- Opening Delimiter -

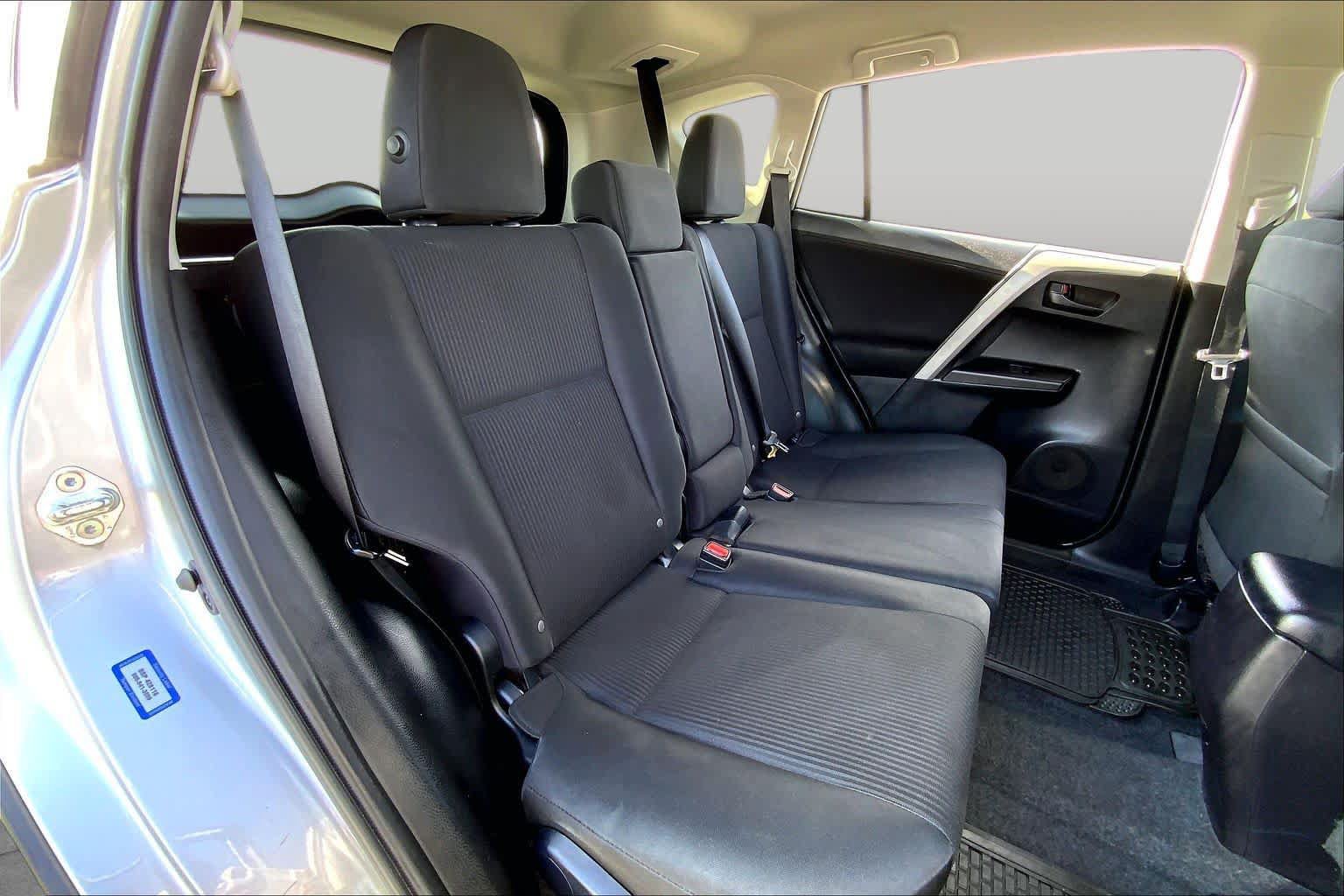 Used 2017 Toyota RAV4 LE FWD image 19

- Closing Delimiter -
- Opening Delimiter -

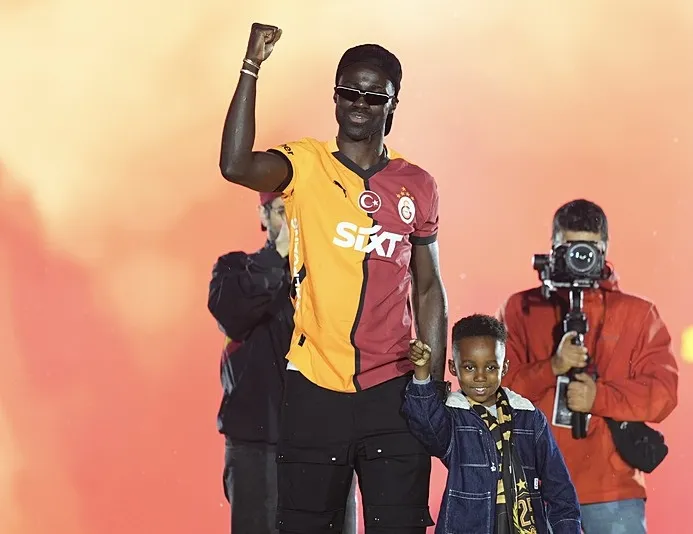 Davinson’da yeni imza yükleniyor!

- Closing Delimiter -
- Opening Delimiter -

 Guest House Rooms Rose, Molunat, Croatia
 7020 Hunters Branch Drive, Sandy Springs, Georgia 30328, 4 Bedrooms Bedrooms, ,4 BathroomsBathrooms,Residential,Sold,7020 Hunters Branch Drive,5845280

- Closing Delimiter -

→ The task
Search the listing above for the lines with "Guest House Rooms Rose, Molunat, Croatia" and "7020 Hunters Branch Drive, Sandy", then output those lines and all lines between them exactly.

→ Exercise solution
 Guest House Rooms Rose, Molunat, Croatia
 7020 Hunters Branch Drive, Sandy Springs, Georgia 30328, 4 Bedrooms Bedrooms, ,4 BathroomsBathrooms,Residential,Sold,7020 Hunters Branch Drive,5845280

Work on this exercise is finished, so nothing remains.